About this exercise:
Exact reproduction of all the data is required, with pictures excluded.

**** Available data

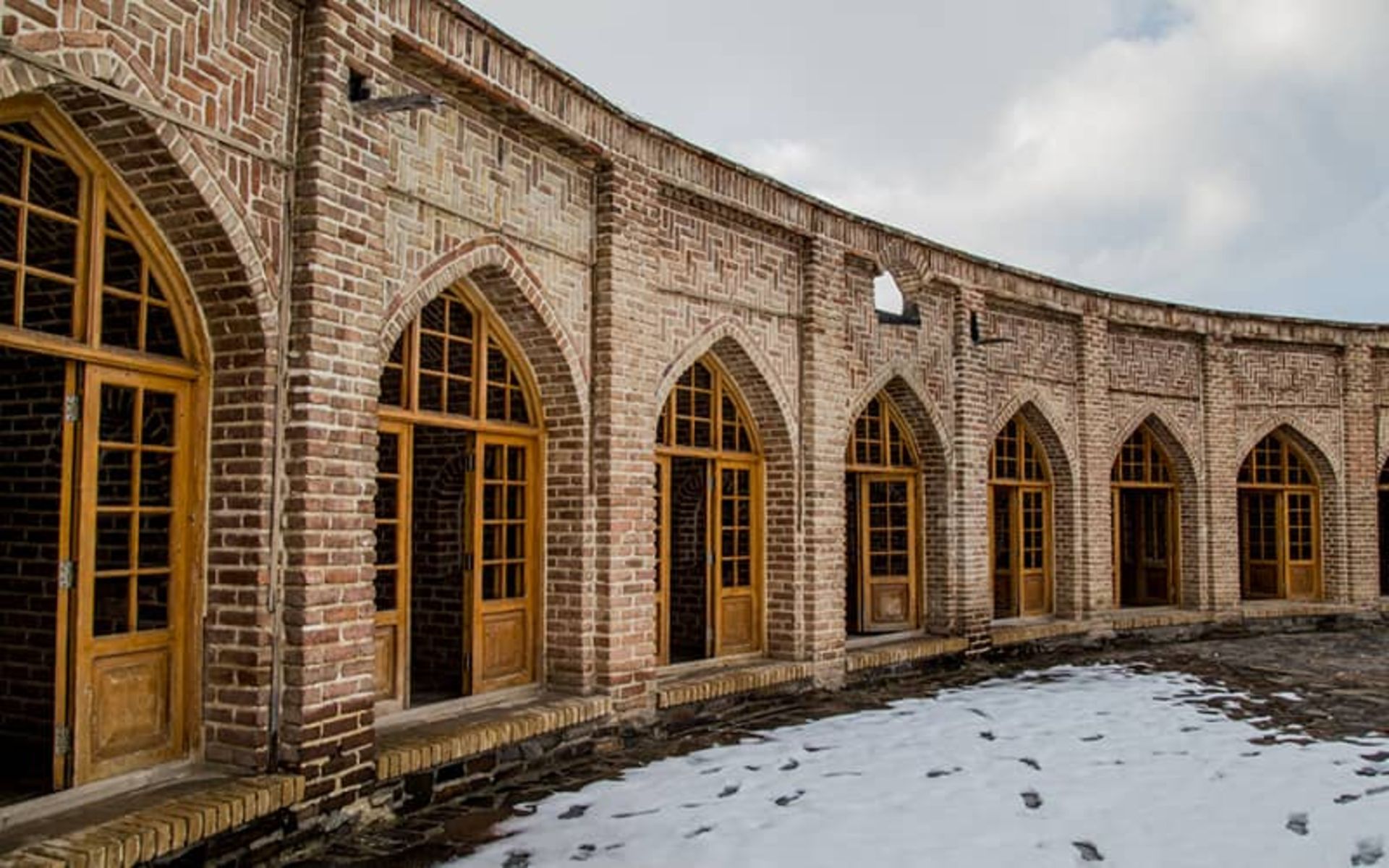 کاروانسرای تاج آباد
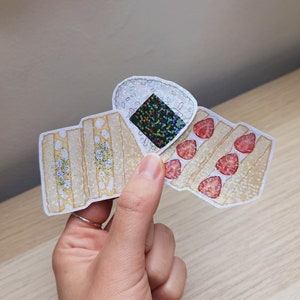 Pegatina Onigiri, pegatina de sándwich de huevo, pegatina de sándwich de fresa, pegatina brillante, pegatina deco, pegatina de comida japonesa, bola de arroz, hecho a mano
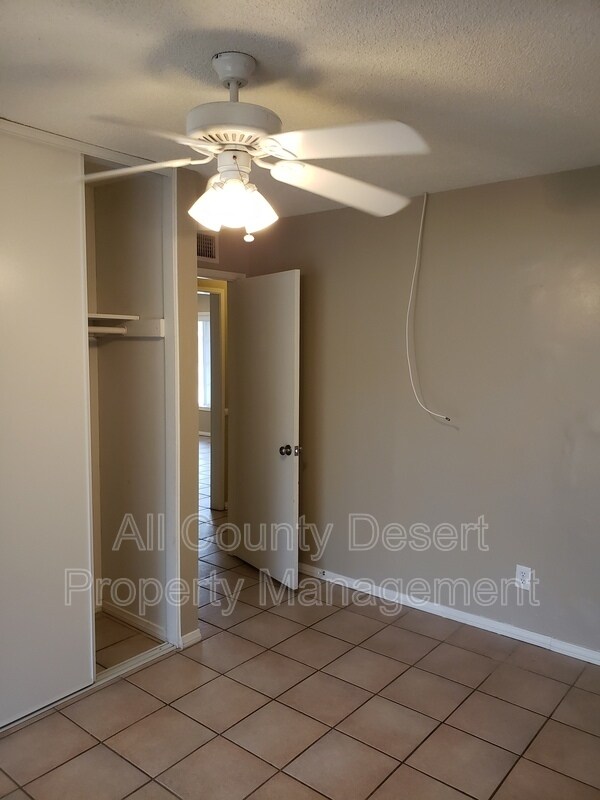 Building Photo - 69844 Pomegranate Ln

********

Answer box:
 کاروانسرای تاج آباد
 Pegatina Onigiri, pegatina de sándwich de huevo, pegatina de sándwich de fresa, pegatina brillante, pegatina deco, pegatina de comida japonesa, bola de arroz, hecho a mano
 Building Photo - 69844 Pomegranate Ln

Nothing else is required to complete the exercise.